→ Work instructions:
All entries are to be returned verbatim.

[Dataset excerpts]
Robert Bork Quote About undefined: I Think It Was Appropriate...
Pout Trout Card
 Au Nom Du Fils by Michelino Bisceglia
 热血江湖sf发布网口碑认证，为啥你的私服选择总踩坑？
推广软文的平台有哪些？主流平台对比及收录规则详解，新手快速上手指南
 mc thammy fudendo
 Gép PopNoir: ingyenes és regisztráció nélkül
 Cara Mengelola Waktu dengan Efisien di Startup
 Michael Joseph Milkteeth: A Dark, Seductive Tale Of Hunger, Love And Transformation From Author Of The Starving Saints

→ Written solution:
Robert Bork Quote About undefined: I Think It Was Appropriate...
Pout Trout Card
 Au Nom Du Fils by Michelino Bisceglia
 热血江湖sf发布网口碑认证，为啥你的私服选择总踩坑？
推广软文的平台有哪些？主流平台对比及收录规则详解，新手快速上手指南
 mc thammy fudendo
 Gép PopNoir: ingyenes és regisztráció nélkül
 Cara Mengelola Waktu dengan Efisien di Startup
 Michael Joseph Milkteeth: A Dark, Seductive Tale Of Hunger, Love And Transformation From Author Of The Starving Saints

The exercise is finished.